[Web page caption snippets]

****************

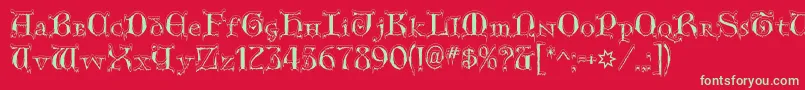 GenericUncialsSnowCapped Font – Green Fonts on Red Background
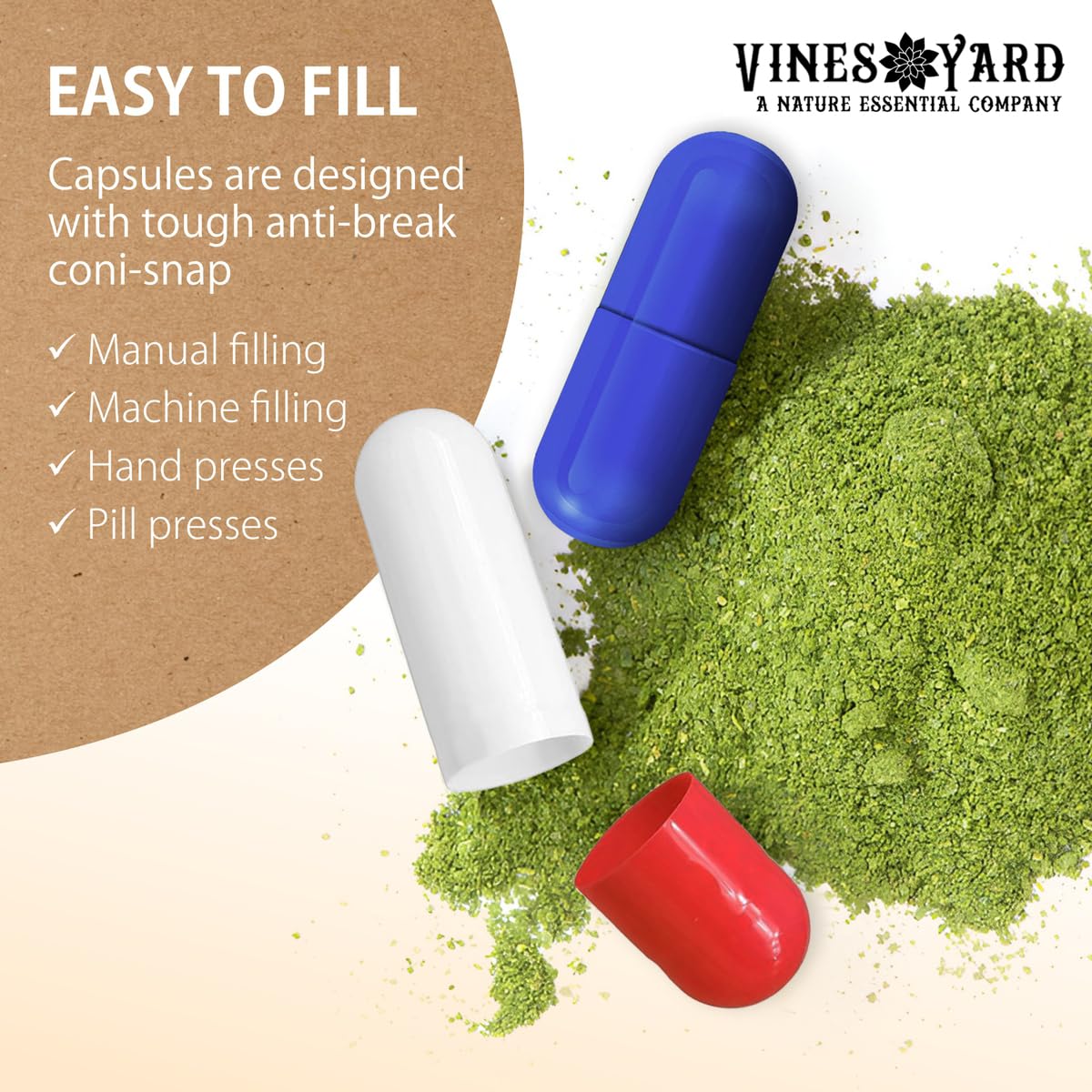 Vines Yard Plant Based Empty Capsules Capsule 1000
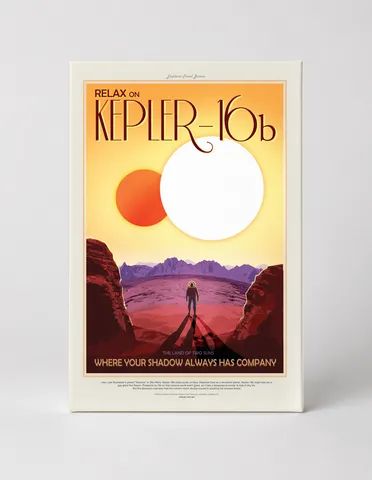 Relax on Kepler-16b NASA Exoplanet Travel Poster - Vintage Space Wall Art
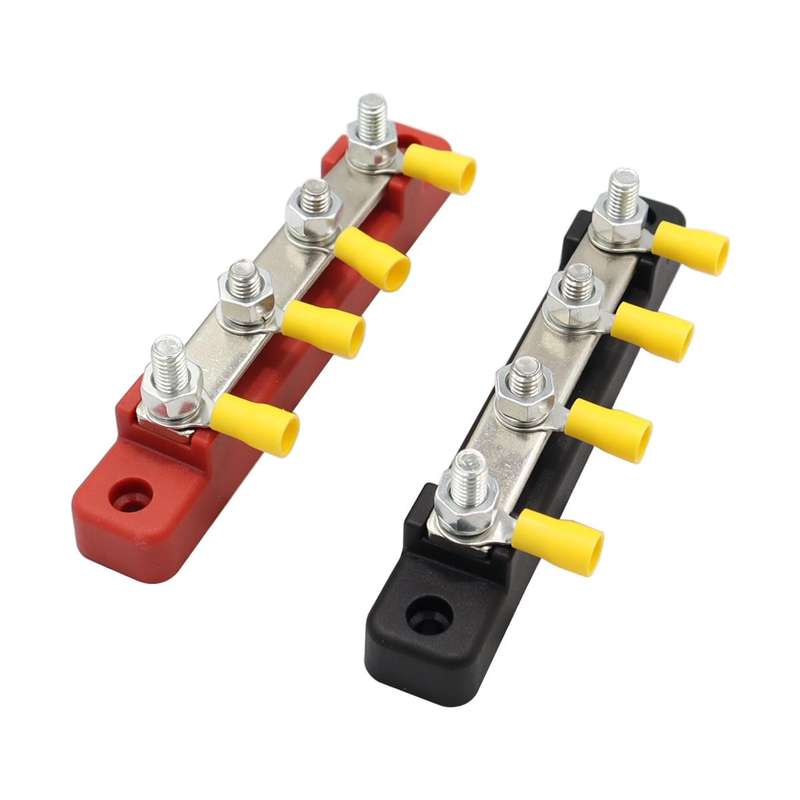 CP-3120 1 Pair 150A 12-48V RV Yacht Single-row 2-way Busbar with 8pcs Terminals(Black + Red)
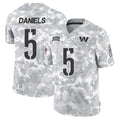 Punc W.Commanders #5 Jayden Daniels Player Limited Arctic Camo Salute to Service Stitched Jerseys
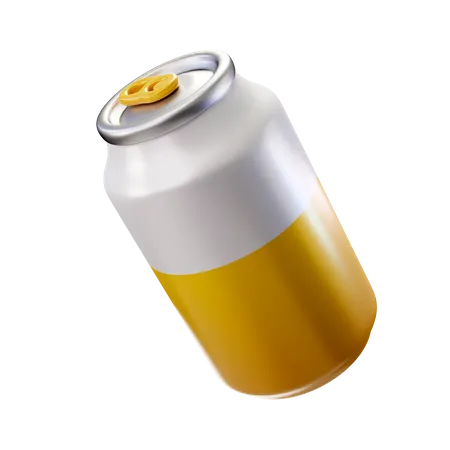 3 D Render Ilustracao Lata De Cerveja Amarela Com Etiqueta Branca 3D Illustration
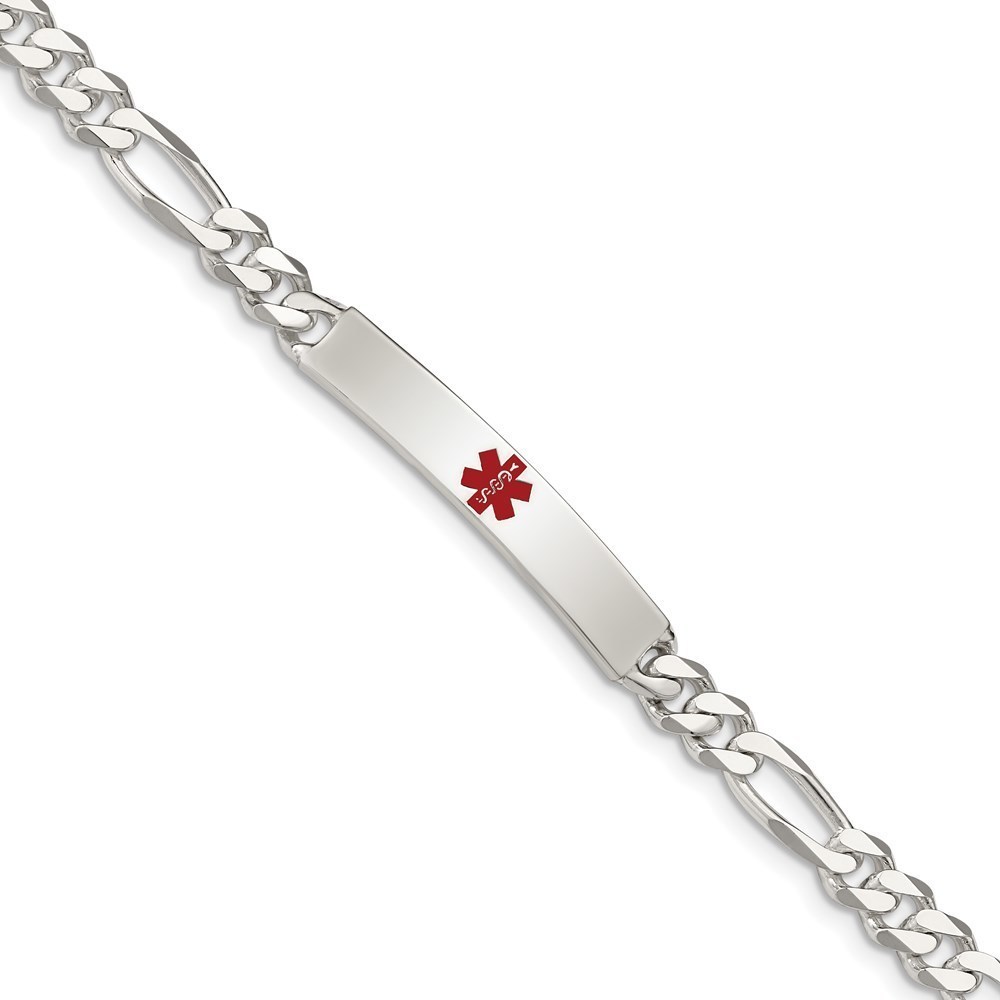 Sterling Silver Nautical Polished Medical Figaro Anchor Link ID Bracelet, 7.5"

****************

| About this exercise |
The copy must match each record exactly, apart from the images, which stay out.

| Expected answer |
 GenericUncialsSnowCapped Font – Green Fonts on Red Background
 Vines Yard Plant Based Empty Capsules Capsule 1000
 Relax on Kepler-16b NASA Exoplanet Travel Poster - Vintage Space Wall Art
 CP-3120 1 Pair 150A 12-48V RV Yacht Single-row 2-way Busbar with 8pcs Terminals(Black + Red)
 Punc W.Commanders #5 Jayden Daniels Player Limited Arctic Camo Salute to Service Stitched Jerseys
 3 D Render Ilustracao Lata De Cerveja Amarela Com Etiqueta Branca 3D Illustration
 Sterling Silver Nautical Polished Medical Figaro Anchor Link ID Bracelet, 7.5"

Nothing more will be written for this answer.